Academic Support to Greatly Expand in Spring, 2015 Semester

CHULA VISTA – An unprecedented expansion of student tutoring services at Southwestern College is set to launch in January, thanks to $400,000 in funding from the California Community Colleges Chancellor’s Office. 

The grant will fund 40-50 tutors to work with professors to target struggling students in 40 Basic Skills classes, more than doubling the number of courses at Southwestern College that will have what administrators call `embedded tutors.’

Southwestern College also is investing $10,500 annually in another new effort using eTutoring.org, an online platform where tutors work with students in real time. This free-to-students service teams students with tutors to review essay submissions and to answer questions in courses ranging from accounting to web development. The initiative, which began with a soft launch in December, is set to go into full effect when the spring semester begins January 21, said Andrew Rempt, Southwestern College’s Learning Assistance Services Coordinator.

eTutoring is used across North America in more than 130 two- and four-year public and private colleges and universities.

“Online tutoring is just something that has been long overdue, and the technology has gotten to the point where it is easy to use and the cost is remarkably reasonable,” Rempt said.

Southwestern College has long offered tutoring services, but its efforts have been limited because of funding. Services include those who work with professors and lecturers through an embedded tutoring program that is also known as Power Study. Additionally students can drop in or make an appointment at the Academic Success Center on the Chula Vista campus and other locations across the college district’s four campuses.

“The Southwestern College Academic Success Center Program exists to assist all members of the campus community in achieving their academic goals,” reads the Success Center’s vision statement. “Our programs are cooperatively designed in response to diverse student and community needs. We use a variety of instructional approaches appropriate for different skill levels and learning styles.”

The bolstered efforts will have a profound impact on the lives of countless students, Rempt said.

“Tutoring has proven to be the most successful of interventions to help students succeed, and we are all about student success at Southwestern College,” he said.

Money to hire the 40-50 tutors for Basic Skills courses came from the Chancellor’s Office `Student Equity Funds’ to address the large numbers of students who are not succeeding in such classes.

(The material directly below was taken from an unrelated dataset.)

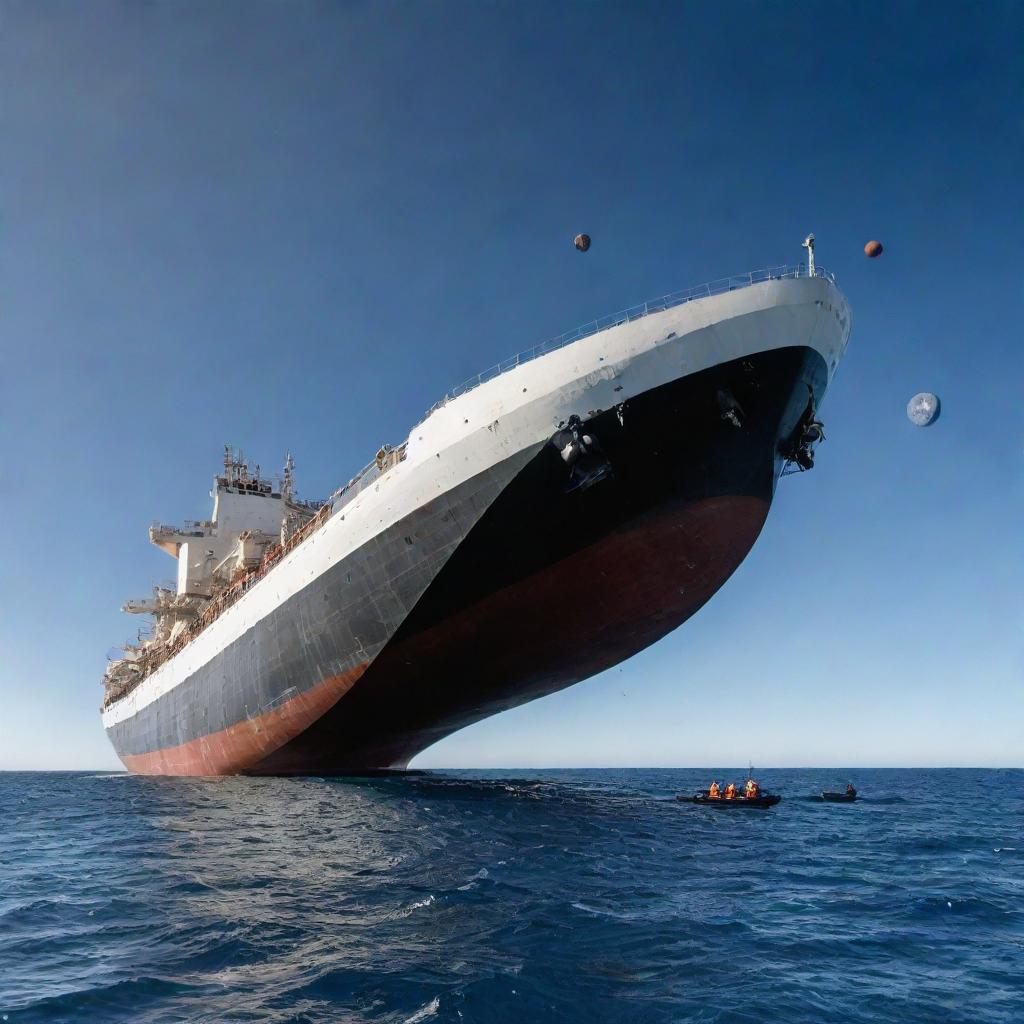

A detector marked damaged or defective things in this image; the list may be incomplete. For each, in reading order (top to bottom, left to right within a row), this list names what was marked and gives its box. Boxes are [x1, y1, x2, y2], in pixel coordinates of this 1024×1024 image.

rusted ship bottom [108, 346, 824, 776]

Much is at stake. Basic skills courses, also known as remedial classes, are aimed at students who have not reached college-ready status in subjects such as math and English. Students often become discouraged if they have to take too many remedial classes before qualifying for college-level coursework. The California Community Colleges system has put added emphasis over the years on beefing up its basic skills services, and the $400,000 for the added tutors is part of a larger $930,000 grant that is also paying for basic skills boot camps, data analysis, surveys and more at Southwestern College.

Shawna Williams, a former Southwestern College student who has tutored at the campus for several years, said she has seen the transformative power that tutoring can have.

“It is so rewarding,” Williams said of her experience. “I’ve seen the confidence in those I’ve tutored grow, and I’ve seen them become more determined to succeed.”

Williams, who is a coordinator for the Power Study Program, termed tutoring “supplemental instruction that can help students stay in school.”

All tutoring services are free to Southwestern College students.

Said Rempt: “We’re excited for the opportunity to be able to serve students in the classroom so directly.”